(Kapatılan)13. Ceza Dairesi 2012/1009 E. , 2013/11773 K.
"İçtihat Metni"MAHKEMESİ :Asliye Ceza Mahkemesi
SUÇ : Hırsızlık, mala zarar vermek ve konut dokunulmazlığını bozmak
HÜKÜM : Mahkumiyet
Mahalli mahkemece verilen hüküm temyiz edilmekle dosya incelenerek, gereği düşünüldü:
Sanığın, müştekiye ait evin çelik kapısını kapının kilidi ile üst kısmından sert bir cisim ile zorlamak suretiyle açtıktan sonra içeri girip, evden kamera, 84 ekran televizyon, bilgisayar kasası, Nokia marka cep telefonu, 110 TL nakit para ile müşteki ve eşine ait kimlik kartlarını çalması şeklinde gerçekleşen eyleminde, zorlanarak açılan çelik kapının bilinen sağlamlığı göz önüne alındığında eylemin 765 sayılı TCK"nın 493/1. maddesine uyan suçu oluşturduğu ve yine çalınan eşyalarının suç tarihindeki bilinen değerlerinin TCK"nın 522.maddesinin lehe hükümlerinin uygulanmasını gerektirmeyecek değerde olduğu göz önüne alındığında, sanığın eyleminin 765 sayılı yasanın 493/1, 522 ve 81/1. maddelerine uyduğu, 5237 sayılı yasaya göre mahkemece kabul edilen uygulama ile karşılaştırıldığında 5237 sayılı yasanın açıkça sanık lehine olduğu, müştekinin Küçükçekmece Cumhuriyet Başsavcılığı tarafından alınan 28/06/2007 tarihli ifadesinde sanık ile uzlaşmak istemediğini bildirmesi nedeni ile uzlaşmanın ve sanığın daha evvel kasıtlı suçtan sabıkası bulunması nedeniyle CMK"nın 231/5. maddesi gereğince değerlendirme yapılmasının mümkün olmadığının anlaşılması karşısında, tebliğnamede bu yönlerde bozma isteyen görüşlere iştirak edilmemiştir.
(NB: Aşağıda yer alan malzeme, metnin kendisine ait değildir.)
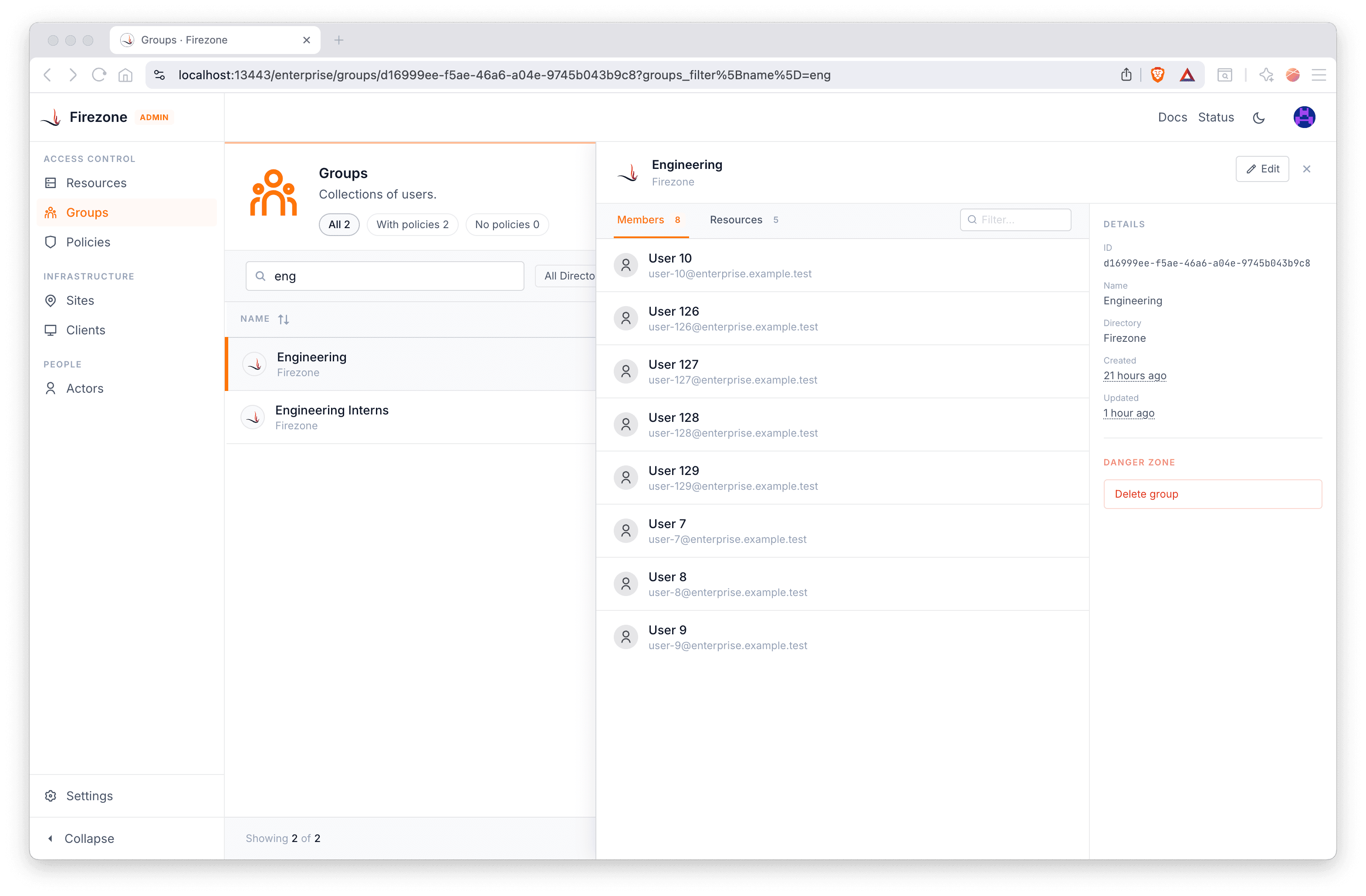 Group Show Panel - Members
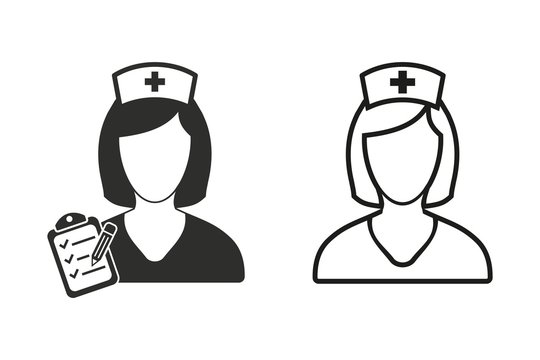 Nurse - vector icon.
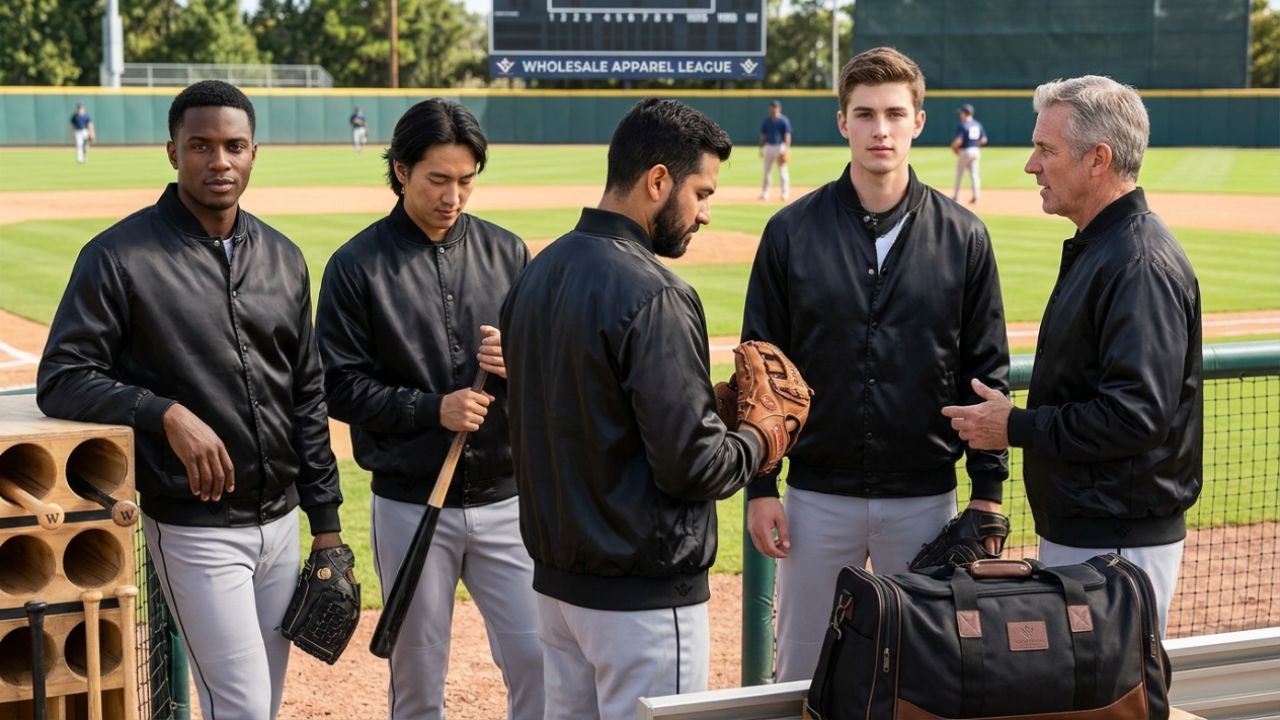 Satin Baseball Jackets With Customization
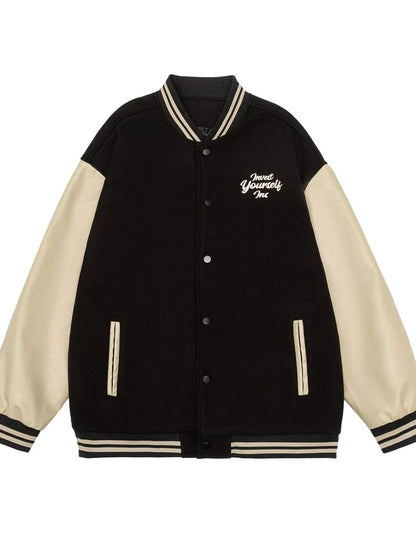 Men's Contrast Snap Down Jacket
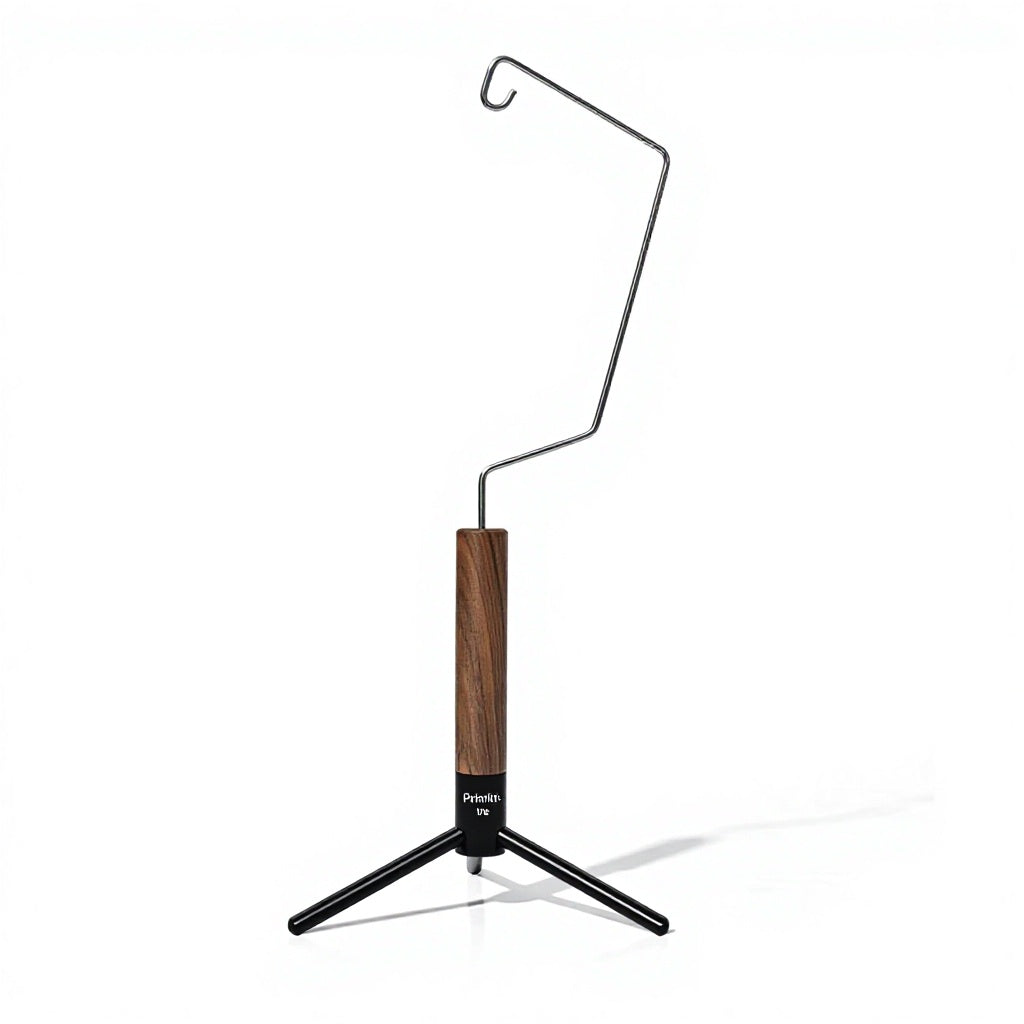 The "Lumina" Walnut Desktop Lantern Stand | Premium Glamping Aesthetic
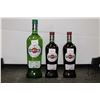 Image 1 : Two bottles of Martini Vermouth Rosso / 500ml / 15.0% ABV and one bottle of Martini Vermouth Dry / 1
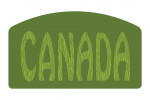 Canada - Outdoor Typography - Woodgrain Type - Contour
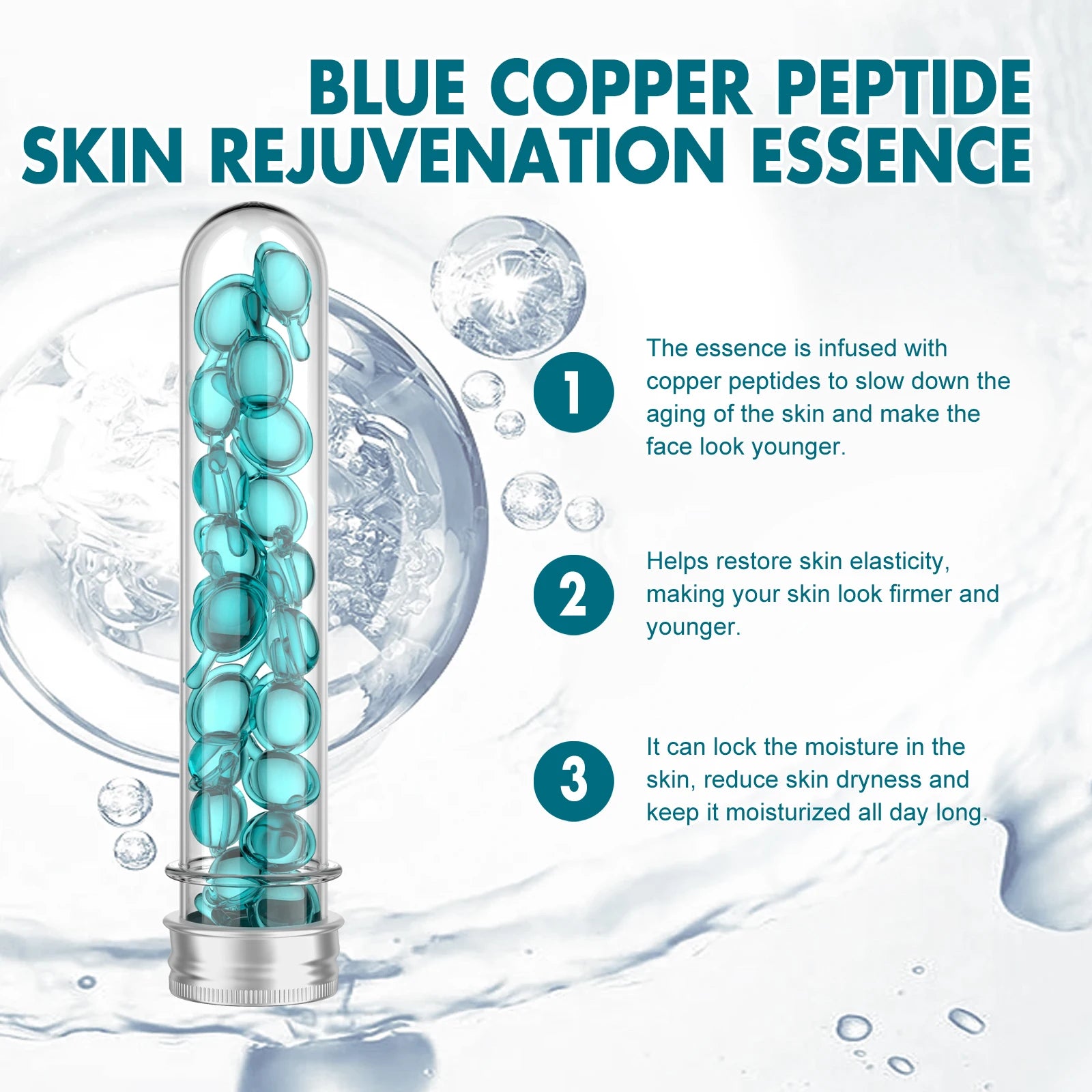 30PCS Facial Serum Capsules Deep Moisturizing Enhance Smoothness Rejuvenating Skin Boosts Elasticity Improve Skin Texture Firming Face Serum Oasis Select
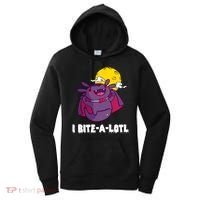 I Bite A Lot Axolotl Funny Halloween Vampire Women's Hoodie thumb 0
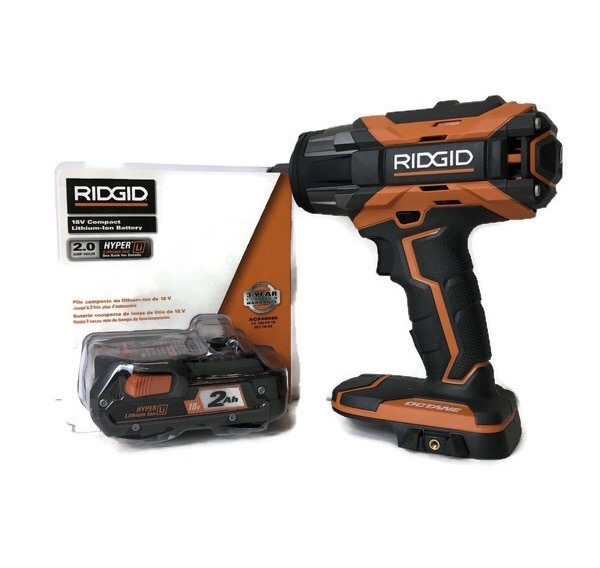 Ridgid R86011 18Volt OCTANE Cordless Brushless 1/2 in. Impact Wrench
Dosya ve duruşma tutanakları içeriğine, toplanıp karar yerinde incelenerek tartışılan hukuken geçerli ve elverişli kanıtlara, gerekçeye ve hakimin takdirine göre; suçun sanık tarafından işlendiğini kabulde ve nitelendirmede usul ve yasaya aykırılık bulunmadığı anlaşılmış, diğer temyiz itirazları da yerinde görülmemiştir.
Ancak;
Sanık hakkında TCK’nın 53. maddesi ile uygulama yapılırken, her bir suç nedeniyle verilen cezanın yasal sonucu olarak her suç için ayrı ayrı anılan maddenin uygulanması gerekirken, sonuç ceza üzerinden bir defa hüküm kurulması ve kendi alt soyu üzerindeki velayet, vesayet ve kayyımlık yetkileri açısından, koşullu salıverilme tarihine kadar kısıtlılığına karar verilebileceği gözetilmeden, yazılı şekilde uygulama yapılarak aynı maddenin 3. fıkrasına aykırı davranılması,
Bozmayı gerektirmiş, sanık ..."ın temyiz itirazı bu itibarla yerinde görülmüş olduğundan, hükmün açıklanan nedenle tebliğnameye kısmen aykırı olarak BOZULMASINA, bozma nedeni yeniden yargılama yapılmasını gerektirmediğinden, 5320 sayılı Yasanın 8/1. maddesi aracılığıyla 1412 sayılı CMUK"un 322. maddesinin verdiği yetkiye dayanılarak, hüküm fıkrasından "53.maddenin uygulanmasına" ilişkin bölüm çıkarılarak, sanık hakkında hırsızlık, konut dokunulmazlığını ihlal ve mala zarar verme suçlarından kurulan hüküm fıkralarına ayrı ayrı eklenmek üzere yerine "53/1. maddesinde belirtilen ve 53/3. maddesindeki kendi alt soyu üzerindeki velayet, vesayet ve kayyımlık yetkileri dışındaki haklardan sanığın mahkum olduğu hapis cezasının infazı tamamlanıncaya kadar; 53/3. maddesi gözetilerek 53/1-c maddesi uyarınca kendi alt soyu üzerindeki velayet, vesayet ve kayyımlık yetkileri açısından ise koşullu salıverilme tarihine kadar yoksun bırakılmasına" tümcelerinin eklenmesi suretiyle, diğer yönleri usul ve yasaya uygun bulunan hükmün DÜZELTİLEREK ONANMASINA, 29/04/2013 gününde oybirliğiyle karar verildi.